WHAT IS EXPECTED - Print every record exactly, but leave out the pictures.

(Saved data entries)

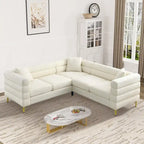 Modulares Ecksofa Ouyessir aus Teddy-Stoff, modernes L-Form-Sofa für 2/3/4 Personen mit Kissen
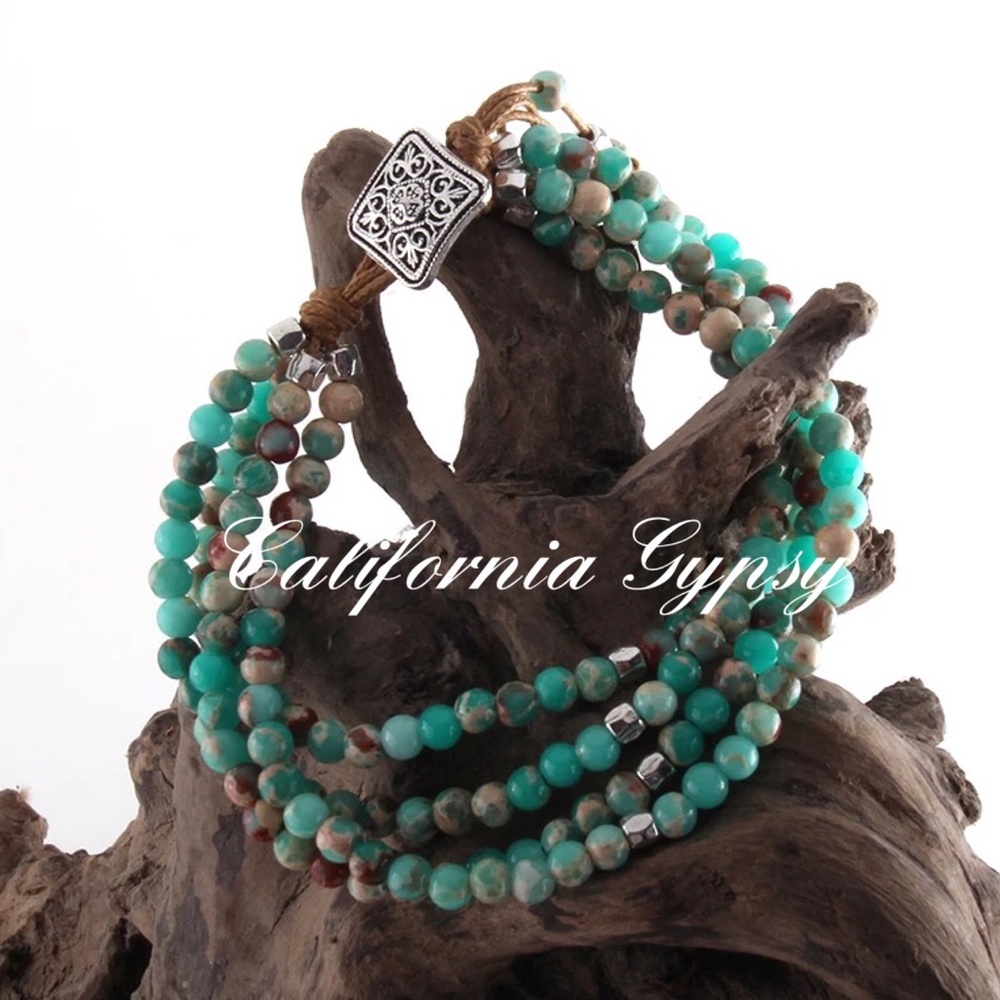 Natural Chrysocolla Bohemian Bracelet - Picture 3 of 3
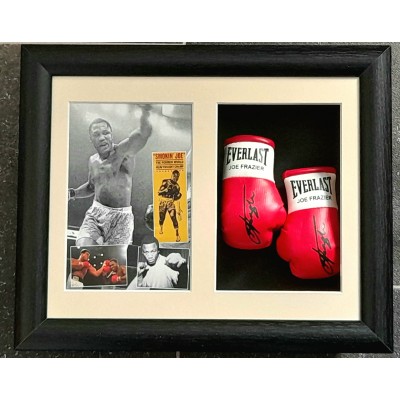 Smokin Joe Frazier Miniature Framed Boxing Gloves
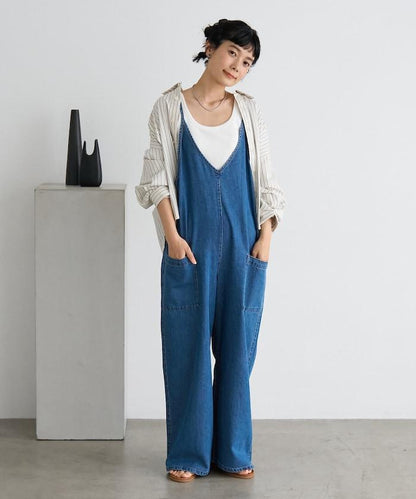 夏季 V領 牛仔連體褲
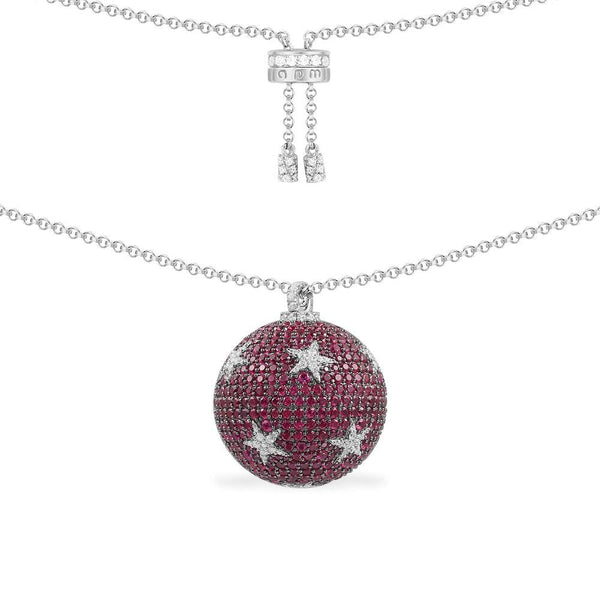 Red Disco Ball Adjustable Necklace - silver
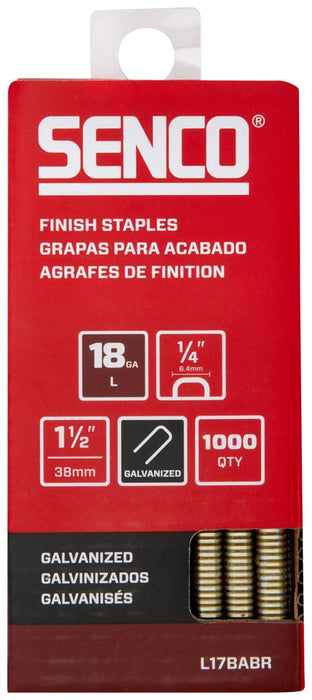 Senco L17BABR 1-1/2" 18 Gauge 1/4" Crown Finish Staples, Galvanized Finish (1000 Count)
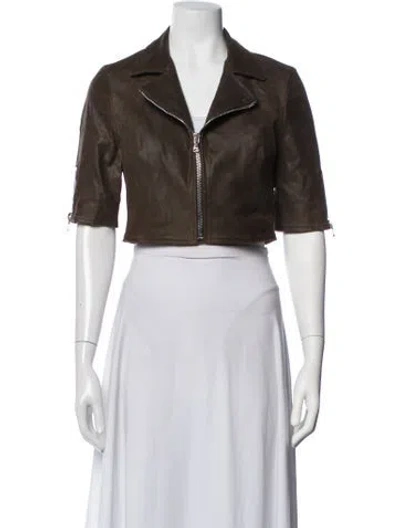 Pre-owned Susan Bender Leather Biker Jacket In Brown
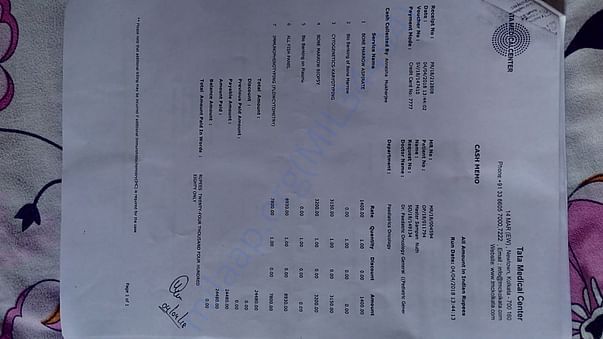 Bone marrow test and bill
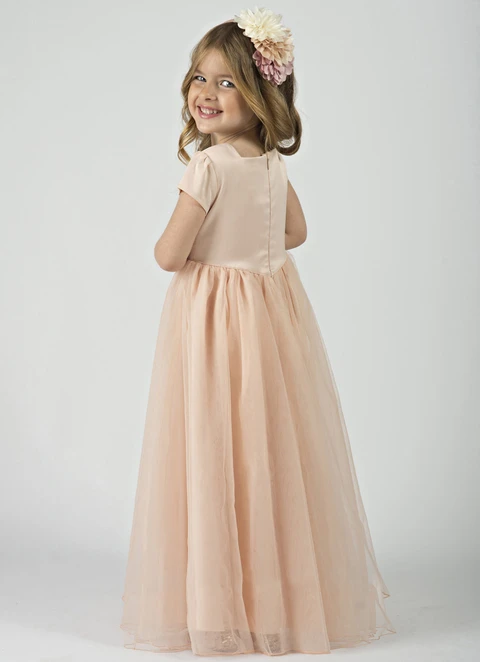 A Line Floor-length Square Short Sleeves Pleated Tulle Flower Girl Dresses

PROBLEM SOLUTION -
 Modulares Ecksofa Ouyessir aus Teddy-Stoff, modernes L-Form-Sofa für 2/3/4 Personen mit Kissen
 Natural Chrysocolla Bohemian Bracelet - Picture 3 of 3
 Smokin Joe Frazier Miniature Framed Boxing Gloves
 夏季 V領 牛仔連體褲
 Red Disco Ball Adjustable Necklace - silver
 Senco L17BABR 1-1/2" 18 Gauge 1/4" Crown Finish Staples, Galvanized Finish (1000 Count)
 Pre-owned Susan Bender Leather Biker Jacket In Brown
 Bone marrow test and bill
 A Line Floor-length Square Short Sleeves Pleated Tulle Flower Girl Dresses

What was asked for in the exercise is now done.